## RECORD EXTRACTS
*** Begin section ***

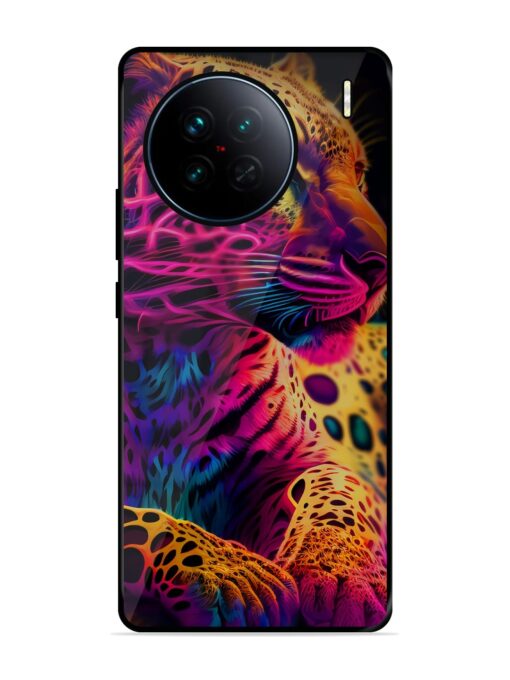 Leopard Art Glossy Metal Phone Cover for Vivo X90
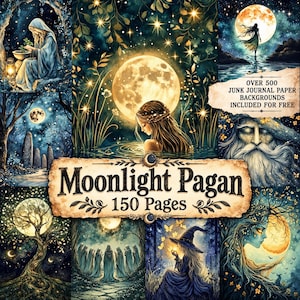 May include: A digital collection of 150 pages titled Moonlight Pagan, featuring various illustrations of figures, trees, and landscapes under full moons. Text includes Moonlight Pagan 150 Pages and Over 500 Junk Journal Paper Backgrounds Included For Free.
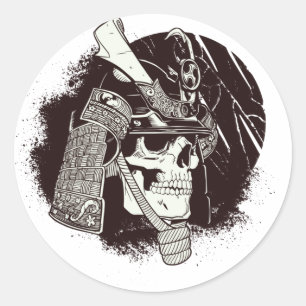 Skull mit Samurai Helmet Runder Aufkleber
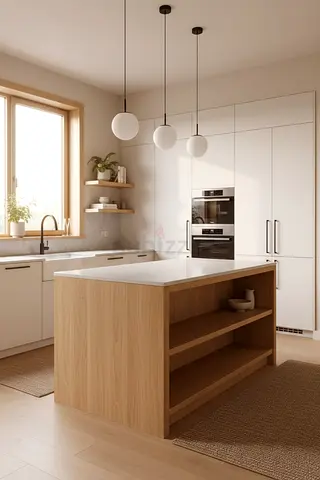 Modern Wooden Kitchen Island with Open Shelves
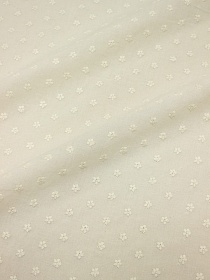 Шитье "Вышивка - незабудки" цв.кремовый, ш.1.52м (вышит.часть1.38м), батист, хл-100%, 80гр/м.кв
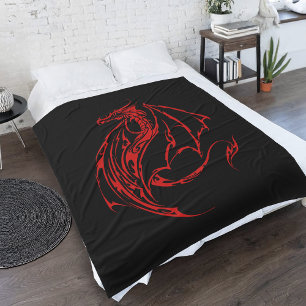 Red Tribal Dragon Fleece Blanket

*** End section ***
*** Begin section ***

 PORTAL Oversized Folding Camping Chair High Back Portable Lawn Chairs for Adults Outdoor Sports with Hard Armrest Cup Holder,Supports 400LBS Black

*** End section ***

## WHAT THE EXERCISE ASKS
In the entries above, every line from the line with "Skull mit Samurai Helmet Runder Aufkleber" to the line with "Red Tribal Dragon Fleece Blanket" is to be printed exactly, with both ends included and pictures excluded.

## REPLY TO THE TASK
 Skull mit Samurai Helmet Runder Aufkleber
 Modern Wooden Kitchen Island with Open Shelves
 Шитье "Вышивка - незабудки" цв.кремовый, ш.1.52м (вышит.часть1.38м), батист, хл-100%, 80гр/м.кв
 Red Tribal Dragon Fleece Blanket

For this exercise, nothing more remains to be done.